WHAT YOU WILL DO: Print every line of the listing below, starting with the line that holds "Image Asymmetric Unit" and going on through the line that holds "A flock of cute", both included, and print nothing else.

━━━ DATASET EXTRACT ━━━

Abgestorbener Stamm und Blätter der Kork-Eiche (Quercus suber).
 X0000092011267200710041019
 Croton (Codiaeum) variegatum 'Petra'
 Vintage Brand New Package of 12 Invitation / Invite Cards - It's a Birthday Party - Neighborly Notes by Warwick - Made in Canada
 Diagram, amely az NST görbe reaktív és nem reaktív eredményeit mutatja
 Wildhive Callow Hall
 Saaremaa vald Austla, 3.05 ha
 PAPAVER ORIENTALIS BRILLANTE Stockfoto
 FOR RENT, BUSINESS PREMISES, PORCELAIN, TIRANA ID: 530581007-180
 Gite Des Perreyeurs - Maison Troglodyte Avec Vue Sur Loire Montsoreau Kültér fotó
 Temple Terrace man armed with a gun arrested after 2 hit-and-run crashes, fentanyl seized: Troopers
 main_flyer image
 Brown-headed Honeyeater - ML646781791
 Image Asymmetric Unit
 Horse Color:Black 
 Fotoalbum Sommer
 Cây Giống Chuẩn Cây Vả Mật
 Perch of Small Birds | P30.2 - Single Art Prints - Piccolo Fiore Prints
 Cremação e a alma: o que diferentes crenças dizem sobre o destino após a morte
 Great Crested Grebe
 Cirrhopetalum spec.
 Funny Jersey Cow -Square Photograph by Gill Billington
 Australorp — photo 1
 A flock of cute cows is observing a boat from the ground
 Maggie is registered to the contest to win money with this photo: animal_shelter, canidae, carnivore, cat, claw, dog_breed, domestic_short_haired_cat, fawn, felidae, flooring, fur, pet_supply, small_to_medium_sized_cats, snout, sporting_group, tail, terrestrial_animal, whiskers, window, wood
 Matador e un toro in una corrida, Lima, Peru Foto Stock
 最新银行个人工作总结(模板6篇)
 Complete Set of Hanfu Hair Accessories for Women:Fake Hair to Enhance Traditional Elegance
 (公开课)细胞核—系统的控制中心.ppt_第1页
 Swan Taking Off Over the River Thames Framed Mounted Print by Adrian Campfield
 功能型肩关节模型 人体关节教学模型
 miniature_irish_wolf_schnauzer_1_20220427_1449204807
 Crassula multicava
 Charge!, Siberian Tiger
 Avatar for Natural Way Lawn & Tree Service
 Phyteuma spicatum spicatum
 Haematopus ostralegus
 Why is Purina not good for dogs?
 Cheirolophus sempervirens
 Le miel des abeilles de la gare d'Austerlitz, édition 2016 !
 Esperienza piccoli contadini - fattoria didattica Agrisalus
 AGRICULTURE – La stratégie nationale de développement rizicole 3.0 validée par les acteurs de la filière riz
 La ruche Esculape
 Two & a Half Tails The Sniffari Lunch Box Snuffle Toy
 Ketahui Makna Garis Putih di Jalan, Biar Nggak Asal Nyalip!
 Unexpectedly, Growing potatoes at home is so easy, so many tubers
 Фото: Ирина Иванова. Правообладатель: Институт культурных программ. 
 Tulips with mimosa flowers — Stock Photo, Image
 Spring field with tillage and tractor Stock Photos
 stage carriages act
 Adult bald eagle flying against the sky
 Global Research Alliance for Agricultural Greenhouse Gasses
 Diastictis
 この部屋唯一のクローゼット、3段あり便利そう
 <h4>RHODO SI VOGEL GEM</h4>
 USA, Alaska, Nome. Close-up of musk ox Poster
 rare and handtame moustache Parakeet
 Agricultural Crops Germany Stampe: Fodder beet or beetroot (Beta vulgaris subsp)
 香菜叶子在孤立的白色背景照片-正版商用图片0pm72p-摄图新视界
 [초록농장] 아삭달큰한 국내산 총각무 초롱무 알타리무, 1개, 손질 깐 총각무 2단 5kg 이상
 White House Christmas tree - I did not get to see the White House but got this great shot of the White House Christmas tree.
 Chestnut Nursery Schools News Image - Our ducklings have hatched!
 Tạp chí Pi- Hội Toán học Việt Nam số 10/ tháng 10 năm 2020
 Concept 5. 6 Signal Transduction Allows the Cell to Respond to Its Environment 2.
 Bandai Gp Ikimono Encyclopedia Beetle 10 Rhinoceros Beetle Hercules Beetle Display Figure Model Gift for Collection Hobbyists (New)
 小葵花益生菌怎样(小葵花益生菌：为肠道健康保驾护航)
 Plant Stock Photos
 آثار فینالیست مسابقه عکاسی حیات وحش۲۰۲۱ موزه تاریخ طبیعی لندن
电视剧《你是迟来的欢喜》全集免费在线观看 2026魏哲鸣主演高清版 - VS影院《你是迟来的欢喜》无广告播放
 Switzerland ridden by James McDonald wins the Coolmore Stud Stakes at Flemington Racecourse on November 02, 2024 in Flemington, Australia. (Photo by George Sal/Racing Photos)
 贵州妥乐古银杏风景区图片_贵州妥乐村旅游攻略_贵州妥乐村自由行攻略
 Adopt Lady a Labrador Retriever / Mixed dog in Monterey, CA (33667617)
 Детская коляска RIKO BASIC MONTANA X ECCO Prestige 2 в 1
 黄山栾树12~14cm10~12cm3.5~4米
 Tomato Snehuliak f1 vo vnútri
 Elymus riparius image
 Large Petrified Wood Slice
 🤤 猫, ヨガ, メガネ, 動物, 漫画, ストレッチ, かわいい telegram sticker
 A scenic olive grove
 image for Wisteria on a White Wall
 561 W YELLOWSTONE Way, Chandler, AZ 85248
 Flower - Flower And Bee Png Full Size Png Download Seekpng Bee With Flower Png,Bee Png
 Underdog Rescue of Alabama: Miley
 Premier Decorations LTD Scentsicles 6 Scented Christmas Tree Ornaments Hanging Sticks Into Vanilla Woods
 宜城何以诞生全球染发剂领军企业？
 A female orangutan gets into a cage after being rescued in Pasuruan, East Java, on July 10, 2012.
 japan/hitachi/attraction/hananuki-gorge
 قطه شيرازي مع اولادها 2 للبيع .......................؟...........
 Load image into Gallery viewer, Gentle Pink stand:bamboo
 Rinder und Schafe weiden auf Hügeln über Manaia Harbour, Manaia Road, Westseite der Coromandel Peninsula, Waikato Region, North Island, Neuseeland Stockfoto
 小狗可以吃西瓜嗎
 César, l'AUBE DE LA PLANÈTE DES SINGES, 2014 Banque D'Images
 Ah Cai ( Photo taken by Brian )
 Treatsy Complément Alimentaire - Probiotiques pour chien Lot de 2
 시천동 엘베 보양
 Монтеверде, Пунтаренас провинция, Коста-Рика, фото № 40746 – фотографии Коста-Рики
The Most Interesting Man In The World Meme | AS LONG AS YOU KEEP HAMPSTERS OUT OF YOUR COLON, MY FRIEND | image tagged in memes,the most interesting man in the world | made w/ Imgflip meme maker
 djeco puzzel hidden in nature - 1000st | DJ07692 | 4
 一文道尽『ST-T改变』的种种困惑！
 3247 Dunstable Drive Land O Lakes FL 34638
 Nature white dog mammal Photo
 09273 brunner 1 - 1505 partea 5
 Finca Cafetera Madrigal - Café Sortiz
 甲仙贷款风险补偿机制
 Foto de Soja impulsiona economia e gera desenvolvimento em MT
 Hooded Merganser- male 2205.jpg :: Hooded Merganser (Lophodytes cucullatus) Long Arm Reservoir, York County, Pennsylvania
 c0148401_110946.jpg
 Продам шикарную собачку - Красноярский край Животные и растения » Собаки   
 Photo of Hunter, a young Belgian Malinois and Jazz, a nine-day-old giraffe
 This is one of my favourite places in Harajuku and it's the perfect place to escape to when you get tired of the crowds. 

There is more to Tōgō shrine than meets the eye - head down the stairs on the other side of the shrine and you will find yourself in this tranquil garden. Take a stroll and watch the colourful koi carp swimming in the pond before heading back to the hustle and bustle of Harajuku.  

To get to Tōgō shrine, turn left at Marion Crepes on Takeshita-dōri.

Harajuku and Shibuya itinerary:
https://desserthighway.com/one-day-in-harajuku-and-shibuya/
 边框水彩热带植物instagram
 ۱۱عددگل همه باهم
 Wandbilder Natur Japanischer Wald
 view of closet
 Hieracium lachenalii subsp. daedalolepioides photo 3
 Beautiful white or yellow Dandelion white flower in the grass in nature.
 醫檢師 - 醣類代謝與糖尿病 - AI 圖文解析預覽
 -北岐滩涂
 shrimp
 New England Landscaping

━━━

PROBLEM SOLUTION:
 Image Asymmetric Unit
 Horse Color:Black 
 Fotoalbum Sommer
 Cây Giống Chuẩn Cây Vả Mật
 Perch of Small Birds | P30.2 - Single Art Prints - Piccolo Fiore Prints
 Cremação e a alma: o que diferentes crenças dizem sobre o destino após a morte
 Great Crested Grebe
 Cirrhopetalum spec.
 Funny Jersey Cow -Square Photograph by Gill Billington
 Australorp — photo 1
 A flock of cute cows is observing a boat from the ground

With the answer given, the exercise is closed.